I contemplate this, while the guys work in the studio. A breakthrough of sorts has been made, but Wynter still requires regular reminders. The cajoling eats up both Reid and Max’s time. Much of mine too, although I learn to temper any form of hyperbole while speaking to him, as he perceives it as blowing smoke up his arse.
It ought to be as simple as typing a message to let Cathy know that I’m alive and well. I ought to say, pack up my things and have them shipped to this address, even if I can’t explain to her why I can’t come back and collect them myself.
But it isn’t simple.
I’m not a walking encyclopaedia of phone numbers. Like everyone, I store them on my phone. Also, I don’t want Harrison to learn I’m less than a mile away. Whether I make Cathy aware of what happened or not, I don’t trust her not to discuss it with him. If someone told me my child had done something reprehensible, I feel I’d want to hear them deny it. I’m sure it’swhat Cathy will do, and then he’ll know I’m alive, that there’s been contact. That there’s the possibility I might land him in shit.
I can’t call her.
I can’t leave her in limbo.
What to do?
I don’t know what to do.
Reach her via social media?
I send her a DM the following night from Reid’s phone as we sit at Blackwater’s restaurant, along with a picture of myself, so she knows that it’s me.
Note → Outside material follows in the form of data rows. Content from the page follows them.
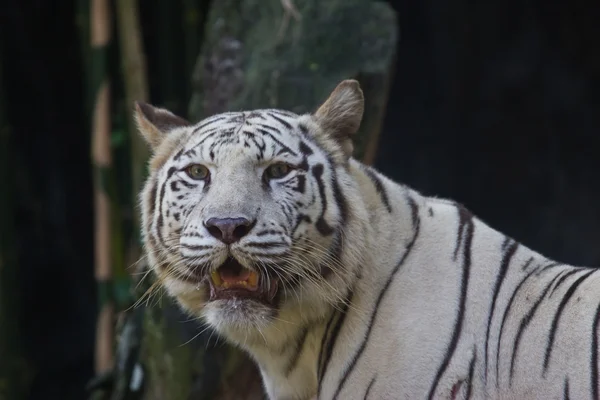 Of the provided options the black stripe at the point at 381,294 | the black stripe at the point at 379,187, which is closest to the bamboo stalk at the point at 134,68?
the black stripe at the point at 379,187

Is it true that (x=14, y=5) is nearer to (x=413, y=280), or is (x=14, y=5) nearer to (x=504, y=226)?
(x=504, y=226)

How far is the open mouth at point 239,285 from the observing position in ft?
8.26

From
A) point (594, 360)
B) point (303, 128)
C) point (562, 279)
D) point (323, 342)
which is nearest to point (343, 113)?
point (303, 128)

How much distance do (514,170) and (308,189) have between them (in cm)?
400

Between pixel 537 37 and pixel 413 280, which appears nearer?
pixel 413 280

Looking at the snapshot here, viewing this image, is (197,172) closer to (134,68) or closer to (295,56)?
(295,56)

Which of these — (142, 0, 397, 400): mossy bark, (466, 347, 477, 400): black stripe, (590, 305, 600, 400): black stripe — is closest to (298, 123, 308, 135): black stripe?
(466, 347, 477, 400): black stripe

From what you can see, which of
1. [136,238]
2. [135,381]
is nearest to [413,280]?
[135,381]

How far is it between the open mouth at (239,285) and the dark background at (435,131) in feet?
12.4

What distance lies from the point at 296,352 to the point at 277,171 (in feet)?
1.76

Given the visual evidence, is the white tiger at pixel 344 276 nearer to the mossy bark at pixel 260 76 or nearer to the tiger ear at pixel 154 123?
the tiger ear at pixel 154 123

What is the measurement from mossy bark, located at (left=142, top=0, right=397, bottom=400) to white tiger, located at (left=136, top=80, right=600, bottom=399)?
3.66ft

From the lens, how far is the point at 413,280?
2.61m

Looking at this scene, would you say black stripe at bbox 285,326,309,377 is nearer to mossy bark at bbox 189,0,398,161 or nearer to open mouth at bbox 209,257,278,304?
open mouth at bbox 209,257,278,304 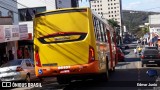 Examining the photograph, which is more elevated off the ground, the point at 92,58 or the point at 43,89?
the point at 92,58

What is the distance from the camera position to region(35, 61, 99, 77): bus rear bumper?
49.6ft

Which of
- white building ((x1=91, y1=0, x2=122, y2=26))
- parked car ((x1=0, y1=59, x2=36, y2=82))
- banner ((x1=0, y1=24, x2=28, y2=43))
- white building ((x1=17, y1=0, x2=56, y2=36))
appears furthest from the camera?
white building ((x1=91, y1=0, x2=122, y2=26))

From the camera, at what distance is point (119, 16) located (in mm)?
143750

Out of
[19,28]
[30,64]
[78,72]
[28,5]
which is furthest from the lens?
[28,5]

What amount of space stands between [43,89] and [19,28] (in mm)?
17156

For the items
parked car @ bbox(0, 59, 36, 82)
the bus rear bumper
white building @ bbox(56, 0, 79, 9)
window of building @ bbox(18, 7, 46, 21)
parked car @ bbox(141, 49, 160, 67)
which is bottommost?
parked car @ bbox(141, 49, 160, 67)

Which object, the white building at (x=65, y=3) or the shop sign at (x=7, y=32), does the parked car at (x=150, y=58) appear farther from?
the white building at (x=65, y=3)

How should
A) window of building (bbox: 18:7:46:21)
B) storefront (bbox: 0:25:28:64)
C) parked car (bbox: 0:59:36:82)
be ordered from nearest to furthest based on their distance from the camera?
parked car (bbox: 0:59:36:82)
storefront (bbox: 0:25:28:64)
window of building (bbox: 18:7:46:21)

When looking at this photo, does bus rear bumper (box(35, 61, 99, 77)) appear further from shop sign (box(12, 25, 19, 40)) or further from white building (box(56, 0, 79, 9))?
white building (box(56, 0, 79, 9))

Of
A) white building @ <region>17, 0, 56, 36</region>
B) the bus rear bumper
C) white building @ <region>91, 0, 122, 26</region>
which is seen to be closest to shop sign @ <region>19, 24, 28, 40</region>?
the bus rear bumper

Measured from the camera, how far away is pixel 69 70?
15.2 meters

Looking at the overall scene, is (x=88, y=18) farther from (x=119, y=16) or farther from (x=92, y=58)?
(x=119, y=16)

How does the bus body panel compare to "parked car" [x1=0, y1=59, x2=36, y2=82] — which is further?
"parked car" [x1=0, y1=59, x2=36, y2=82]

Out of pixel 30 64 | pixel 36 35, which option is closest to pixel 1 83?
pixel 30 64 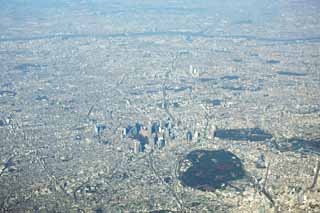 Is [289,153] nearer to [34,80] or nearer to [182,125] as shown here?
[182,125]

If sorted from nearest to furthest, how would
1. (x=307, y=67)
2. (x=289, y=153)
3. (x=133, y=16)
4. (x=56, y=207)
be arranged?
(x=56, y=207), (x=289, y=153), (x=307, y=67), (x=133, y=16)

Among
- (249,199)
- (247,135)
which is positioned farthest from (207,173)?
(247,135)

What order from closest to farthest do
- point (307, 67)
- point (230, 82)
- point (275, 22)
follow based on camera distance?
point (230, 82)
point (307, 67)
point (275, 22)

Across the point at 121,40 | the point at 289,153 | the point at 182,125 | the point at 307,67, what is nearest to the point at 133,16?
the point at 121,40

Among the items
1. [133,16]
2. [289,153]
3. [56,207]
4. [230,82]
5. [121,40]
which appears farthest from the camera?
[133,16]

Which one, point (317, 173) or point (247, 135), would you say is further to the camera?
point (247, 135)

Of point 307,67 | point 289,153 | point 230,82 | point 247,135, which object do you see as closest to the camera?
point 289,153

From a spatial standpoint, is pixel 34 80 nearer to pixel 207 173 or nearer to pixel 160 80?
pixel 160 80

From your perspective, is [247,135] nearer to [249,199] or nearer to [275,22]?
[249,199]

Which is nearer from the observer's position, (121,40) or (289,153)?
(289,153) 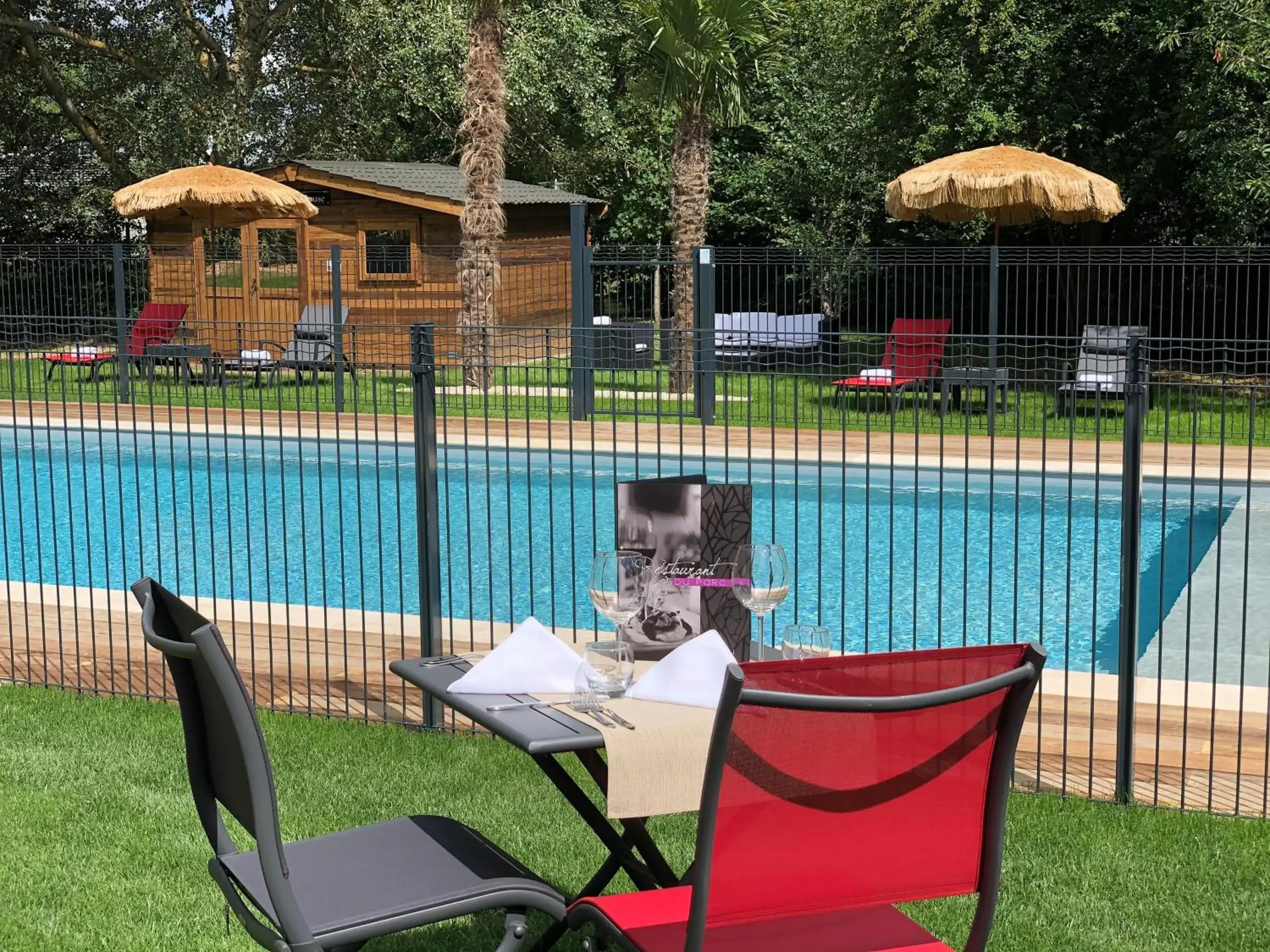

Met someone. I’m okay. You don’t need to look for me.
We’re eating out because the guys recorded the drums for four tracks today, thus Max is exhausted. He was literally dripping with sweat when he came out of the studio.
I’ve never been to Blackwater’s before. It’s every bit as posh as I imagined. Most of the seating is outside beneath a wooden canopy, that’s draped in twinkling fairy lights.
I lean against Max as Reid feeds me oysters. At least a couple of them end up on the floor. I’m not sure I like them all that much; too briny, too gelatinous, but it’s fun with the guys. Even Wynter has thawed a little. He bends double with laughter when Reid’s reaction to lashing himself with spaghetti and painting tomatoey stripes across his white shirt is to starfish his limbs and unwittingly upend the candelabra sitting on our table so that it burns a hole in the tablecloth.
The staff here must be used to musicians. They don’t break a sweat as they replace everything, and no one says, “Are you the guys from Lucidity?” Although, a couple of women follow Wynter back from the loos and beg him for autographs.
All three of them sign T-shirts. Max draws the line at bits of skin. Reid happily signs the blonde girl’s tits when she flashes him.
“Take a photograph,” the women insist, pushing phones into my hands.
I take obligatory snaps of them preening next to their idols. Days ago, I might have been them.
“Sign breasts often?” I ask on the walk back to the studio complex.